Second, this study reveals that current absolute weight is a better marker for the maturation of the infants’ intestinal microbiome than postconceptional age as it less confounded by various infant-specific factors. Our results support the hypothesis that the intestinal microbiome of the preterm infant appears to follow a patterned progression which is indicative of the microbiome developing as a result of infant development measured in weight, not the weight developing as a result of the microbiome. We did not find that the microbiome composition at any taxonomic level in paired analyses was predictive for weight gain in subsequent weeks. Important in this regard is to again note that bifidobacteria or lactobacilli are generally absent in extremely premature children. The abundance, or the diminished abundance in the case of antibiotics [37], of these bacteria is frequently linked with improved growth. Similarly, the use of probiotics in term and preterm infants has been found associated with improved weight gain [38]. Bifidobacteria and lactobacilli have co-evolved together with humans in a mutually beneficial relationship. The same cannot be said for bacteria associated with an extremely preterm microbiome as preterm infants would simply have died in the past; (extremely) preterm infants represent an ecologically unnatural situation where bifidobacteria and lactobacilli have trouble even persisting without continually being supplied in relatively large quantities as probiotics.

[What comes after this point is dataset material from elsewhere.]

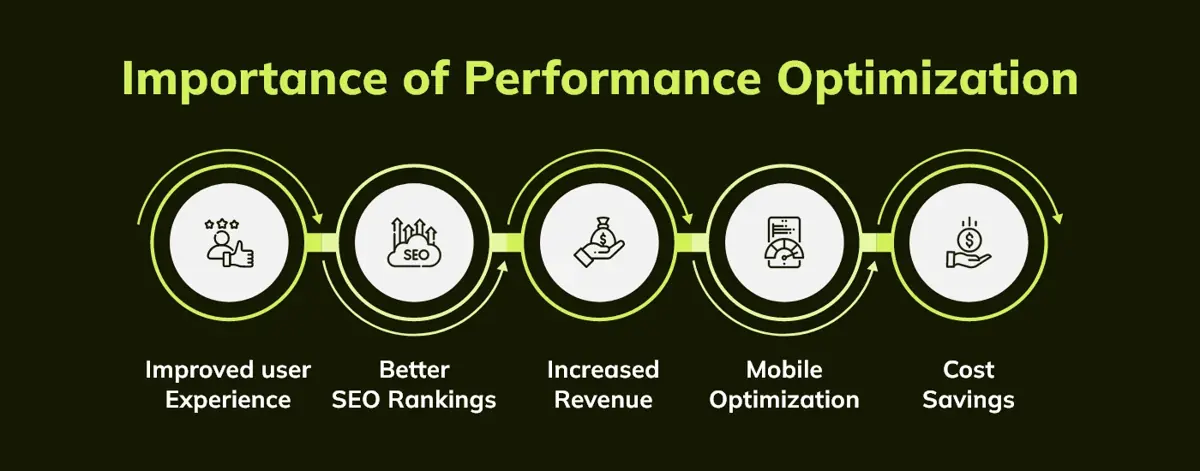 importance of performance optimization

Recently, La Rosa et al. [26] and Korpela et al. [39] both described the hypothesis that the gut microbiome of the preterm infant appears to follow a patterned progression linked with postconceptional age as a key marker for host biology / maturity. La Rosa, et al. [26] describes a progression from bacilli to γ-Proteobacteria (Enterobacteriaceae) to clostridia (and Negativicutes). In this hypothesis, the place where preterm infants step into this progression is mainly dependent on their GA at birth [26]. A longer follow-up study would have seen a subsequent progression into Bifidobacterium (and/or Bacteroides). Our study, which focused on the first 4 weeks of life of extremely and very preterm infants, confirms the first part of this transition, namely the progression of a staphylococci (bacilli) dominance to an Enterobacteriaceae dominated microbiome in extremely preterm infants. We however found in this dataset that postconceptional age was not a meaningful descriptor of maturity/host biology with regard to the development of the gut microbiome as various complications can hamper infant development which are not taken into account by age yet which are represented by weight. A reason for this inaccuracy is highlighted by our comparison of infants delivered vaginally or by CS and the underlying causes of prematurity. In our cohort CS delivered infants had on average a higher GA at birth but a lower BW (Z-score) than their vaginally delivered counterparts (Fig. 1). As can be expected, we observed that the type of pregnancy complication inducing preterm birth (placental insufficiency vs. intra-uterine infection/spontaneous preterm birth) was not only significantly associated with the mode of delivery but also with Z-scores for BW, representing fetal growth restriction.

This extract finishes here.